= William Imrie =

Liverpudlian shipowner

William Imrie (1836 - 7 August 1906) was a Liverpool shipowner who owned the White Star Line. He was once known as "the Prince of Shipowners".

==Early life==
His father (also William) was partner in the firm of shipbrokers called Imrie & Tomlinson, based in Rumford Street, Liverpool. William Imrie went on to work for this firm which also took into its employment Thomas Ismay who was the son of Joseph Ismay, at this time a shipbuilder and timber merchant.

==White Star Shipping Line (WSSL)==

In 1869 Thomas Ismay was in business by himself running ships to Australia. At a dinner in Broughton Hall, West Derby, Ismay and Imrie decided they would form a partnership. When Imrie's father died in 1870 the Imrie & Tomlinson business was transferred to TH Ismay and Company. This joint venture was to be called Ismay, Imrie and Company and was the parent company of the Oceanic Steam Navigation Company Ltd which was the White Star Line's official name.

On 27 August 1870 the White Star Line was to launch the SS Oceanic the first of four new steamships which were built by the Belfast Shipbuilding company, Harland & Wolff.

==Family==
In 1872 William Imrie and his wife Hannah adopted the daughter of William Pollard.

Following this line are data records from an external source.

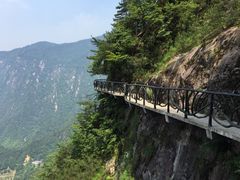 大明山-大明山自然探索公园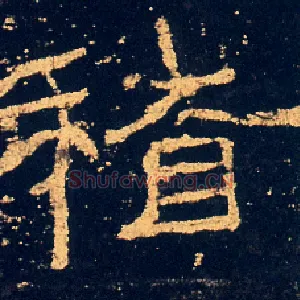 稽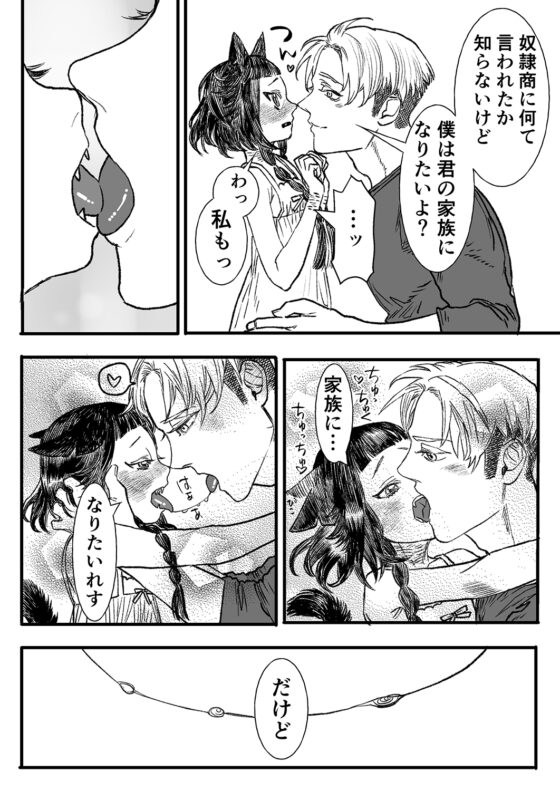 黒猫の小雪 [極中生活] | DLsite がるまに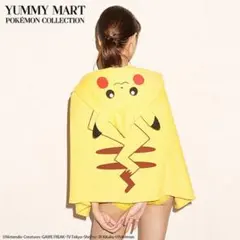 Item thumbnail for item a4f1de95-513d-4358-a758-e55dea47e46a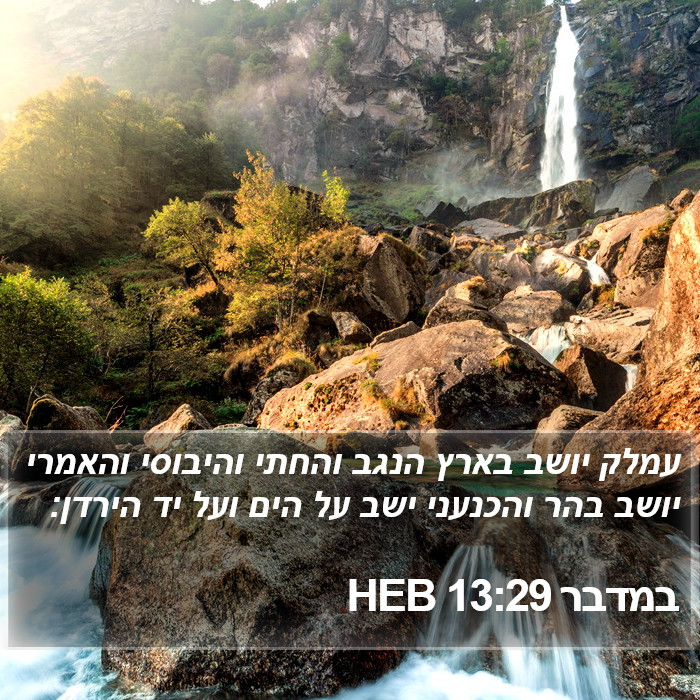 במדבר 13:29 HEB Bible Study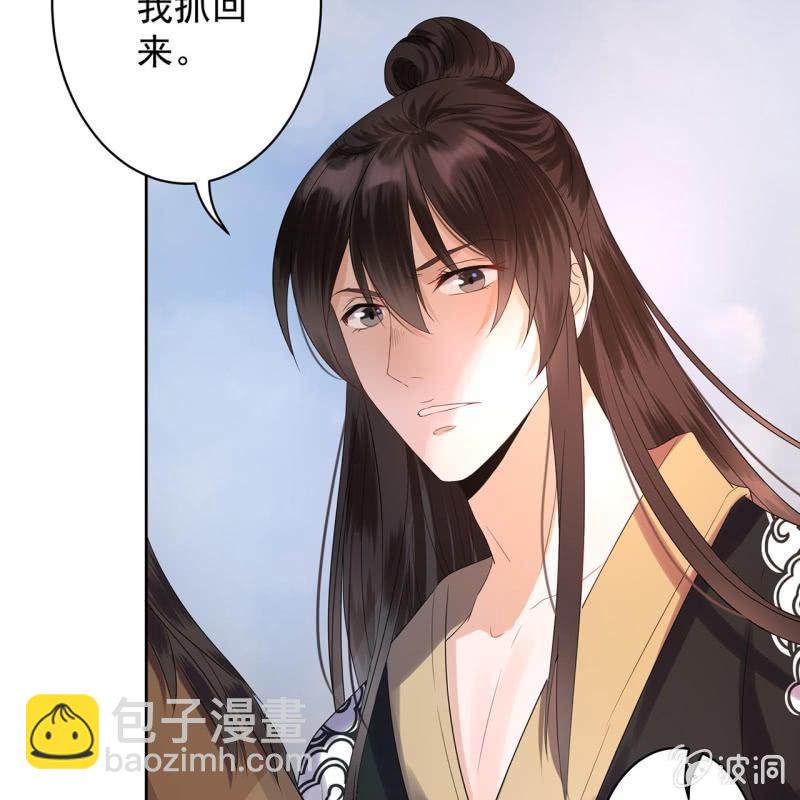 《傲娇王爷太难追》第15话 回城吃大餐 第9页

Amy Elizabeth Rosalie Pollard (to become better known as Amy Elizabeth Imrie) was in 1910 to become responsible for funding of the building of St Mary of the Angel's Church in Fox Street, Liverpool. Amy went on to enter the Convent of Poor Clares at Hertford, an order of nuns dedicated to the memory of St Francis. Amy also gave the family home in Mossley Hill to the Poor Clares to become their first convent in Liverpool.

==Properties==
Imrie's family property was originally The Hermitage in Hayman's Green, West Derby Village. In later years as he excelled in business he moved into the even grander Holmstead in Mossley Hill, a house which contained many fine examples of art including paintings by Strudwick from whom Imrie was a patron.

==Religion and philanthropy==
Imrie was a deeply religious person. He financially backed St Margaret's Church on Princes Road and numerous charities around the city which he supported anonymously. He gave financial support to the Seaman's Orphanage in Newsham Park.

==Death==
Imrie died in 1906. A service was held at St Margaret's Church and his body was laid with that of his wife in the family plot in the graveyard of St Nicholas Church in Halewood.